Don’t believe everything you see on TV. Though many infomercials suggest otherwise, fat is lost throughout the body — not just in one trouble area. You CANNOT train a certain part of your body to reduce fat in that one area. Yes, your body shape and composition (muscle to fat ratio) is dependent on many factors, including age, gender, hormones and good ‘ole genetics. However, women tend to hold most of their weight in their midsection, hips and thighs. Call it a blessing or call it a curse. No matter how you look at it, try to see the whole picture when trying to drop body fat.
Let’s blast through the three easiest — and sure-fire — ways to reduce body fat:
1. Healthy eating and smart supplementing: I consider supplementing a fundamental part of training to lower body fat. Diet supplements and fat burners are formulated specifically to assist your body in metabolizing fat more efficiently.* Some supplements may even help to sustain energy levels during your workouts, so you can endure longer and push a little harder.* Ever heard “abs are made in the kitchen”? Your food choices do play a large role in your body composition, particularly in belly fat. Beer guts are real — even for women — so indulge sparingly, control portions and eat a colorful serving of fruits and veggies every day.

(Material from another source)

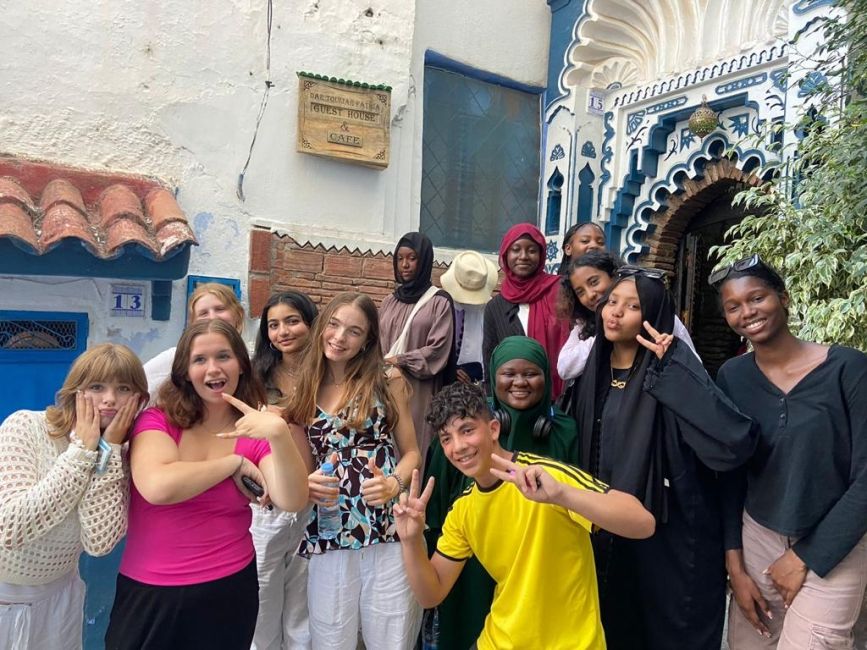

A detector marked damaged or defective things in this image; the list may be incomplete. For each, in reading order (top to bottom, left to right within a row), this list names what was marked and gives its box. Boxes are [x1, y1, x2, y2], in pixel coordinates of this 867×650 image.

Fit & filling meal idea: Try this satisfying Colorful Red Quinoa Salad, with healthy greens, filling quinoa and creamy avocado (a good source of healthy fat).

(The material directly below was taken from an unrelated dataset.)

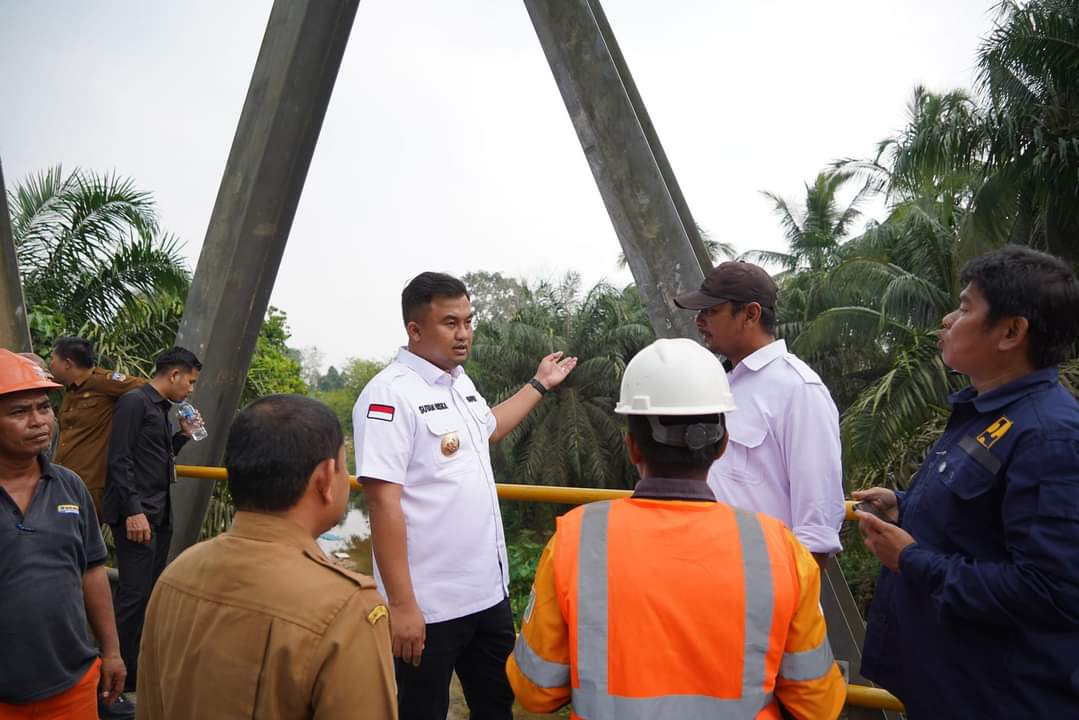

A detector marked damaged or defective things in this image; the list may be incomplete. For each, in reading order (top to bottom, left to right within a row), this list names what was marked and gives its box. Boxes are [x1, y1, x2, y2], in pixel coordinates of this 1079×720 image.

rusty metal column [0, 158, 32, 354]
rusty metal column [165, 0, 358, 557]
rusty metal column [522, 0, 699, 341]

2. Regular cardio: I suggest enjoying a brisk walk most days of the week — preferably outdoors. You’ll soak up some natural vitamin D, get a breath of fresh air and will burn some calories all at once! For rainy days, or when you just don’t have a lot of time, invest in low-cost cardio accessories, such as a jump rope and a stop watch. Jumping rope will get your heart rate up to the optimal fat-burning zone, while the stop watch will let you track intervals. Interval training is when you alternate going all out for a period of time (60 seconds) and going slow for a recovery period (30 seconds), then repeating as many times as you can. Cardio intervals have been shown to burn more calories and increase your aerobic capacity.

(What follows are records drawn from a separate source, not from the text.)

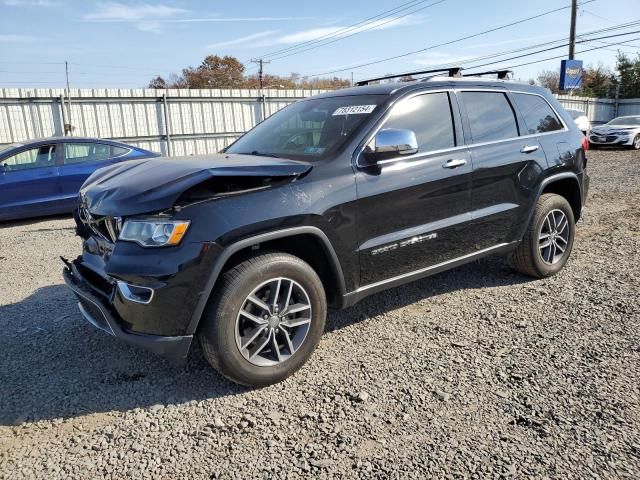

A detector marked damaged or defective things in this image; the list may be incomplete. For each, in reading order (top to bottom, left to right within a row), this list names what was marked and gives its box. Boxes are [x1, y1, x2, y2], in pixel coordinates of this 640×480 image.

crumpled hood [80, 154, 312, 216]
damaged front bumper [62, 260, 194, 362]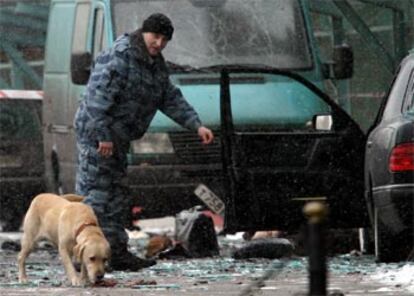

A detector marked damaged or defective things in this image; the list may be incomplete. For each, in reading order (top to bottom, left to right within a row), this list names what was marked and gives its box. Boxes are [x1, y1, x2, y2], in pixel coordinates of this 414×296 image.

shattered window [111, 0, 312, 69]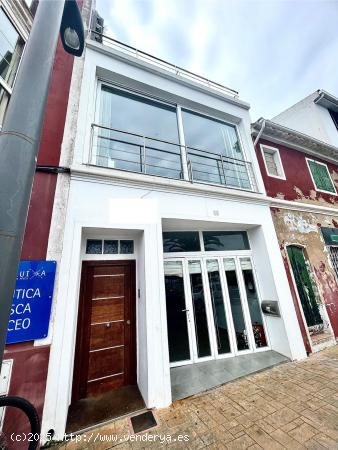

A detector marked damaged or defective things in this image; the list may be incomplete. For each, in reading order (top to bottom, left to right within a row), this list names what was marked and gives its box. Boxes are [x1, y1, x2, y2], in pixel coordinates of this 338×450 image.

peeling paint wall [256, 137, 338, 207]
peeling paint wall [270, 207, 338, 342]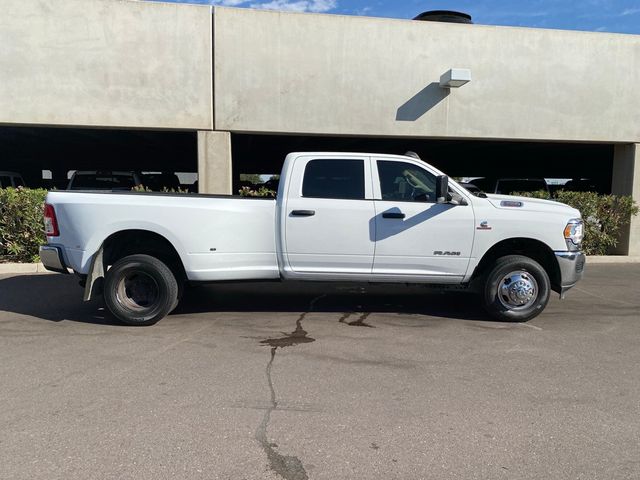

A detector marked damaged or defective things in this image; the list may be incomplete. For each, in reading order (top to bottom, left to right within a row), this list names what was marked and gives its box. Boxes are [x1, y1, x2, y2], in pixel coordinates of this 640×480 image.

crack in asphalt [255, 294, 324, 480]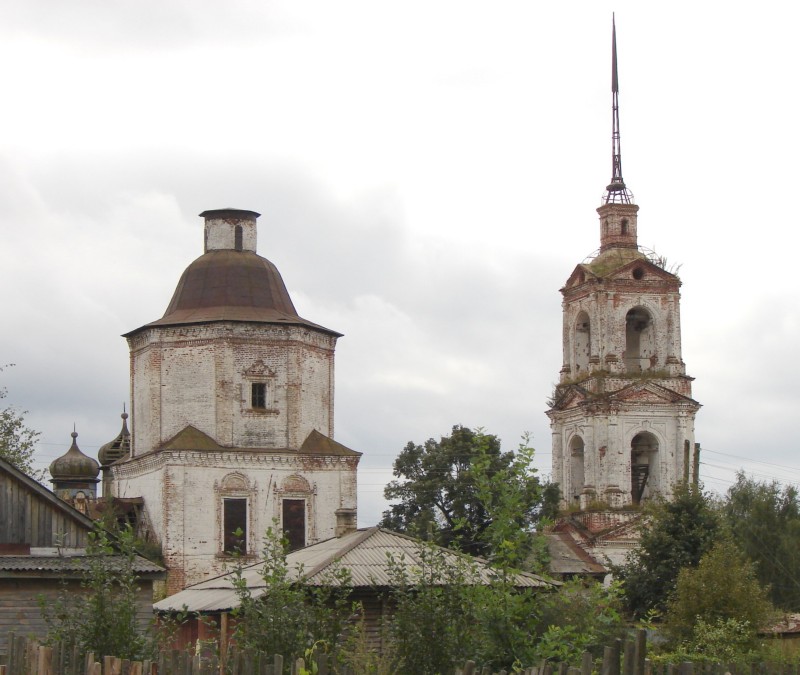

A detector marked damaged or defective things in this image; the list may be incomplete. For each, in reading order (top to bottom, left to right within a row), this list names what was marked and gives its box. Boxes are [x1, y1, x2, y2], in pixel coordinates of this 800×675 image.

rusty metal roof [124, 251, 340, 338]
rusty metal roof [155, 528, 556, 612]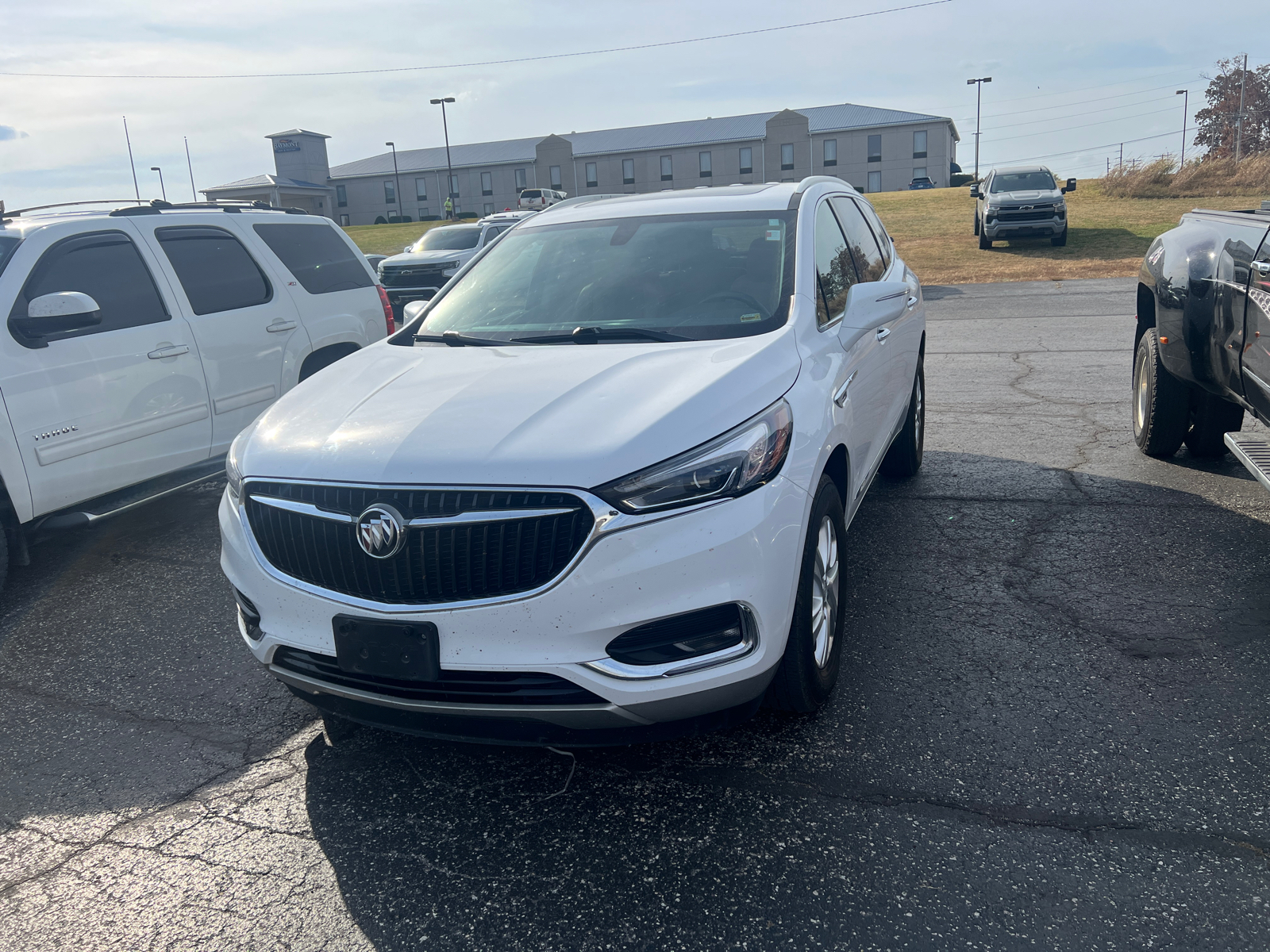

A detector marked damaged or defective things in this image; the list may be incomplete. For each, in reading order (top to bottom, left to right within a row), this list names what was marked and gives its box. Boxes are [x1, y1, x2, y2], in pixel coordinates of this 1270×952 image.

cracked pavement [2, 275, 1270, 949]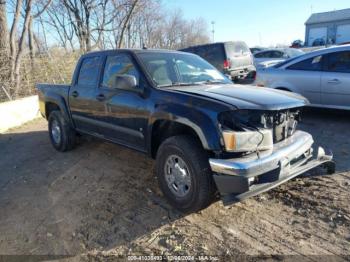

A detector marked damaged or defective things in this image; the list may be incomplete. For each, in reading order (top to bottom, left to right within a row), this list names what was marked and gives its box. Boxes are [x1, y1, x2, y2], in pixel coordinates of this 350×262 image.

damaged front bumper [209, 130, 334, 206]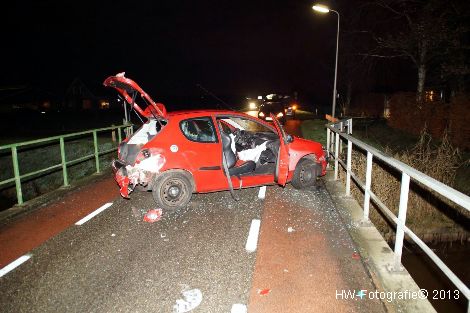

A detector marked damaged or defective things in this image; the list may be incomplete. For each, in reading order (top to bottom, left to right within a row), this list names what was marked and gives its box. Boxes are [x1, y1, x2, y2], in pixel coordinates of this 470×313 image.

wrecked red car [103, 73, 326, 212]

3. Split-day strength training: Get over whatever fears you might have about lifting weights — because if you expect to drop body fat, you better expect to strength train. More lean muscle mass means less body fat. It’s a simple formula but one that is often overlooked. You must train to build muscle all over in order to successfully increase lean muscle mass. Now, this does NOT mean you need to be lifting weights every single day. This would actually reverse your progress and ultimately make you burn through muscle. Your body needs rest, which is why I recommend a split-day schedule. Strength train every other day or even every two days to guarantee your body has recovered enough to take on the next workout.
*These statements have not been evaluated by the Food and Drug Administration. This product is not intended to diagnose, treat, cure or prevent any disease.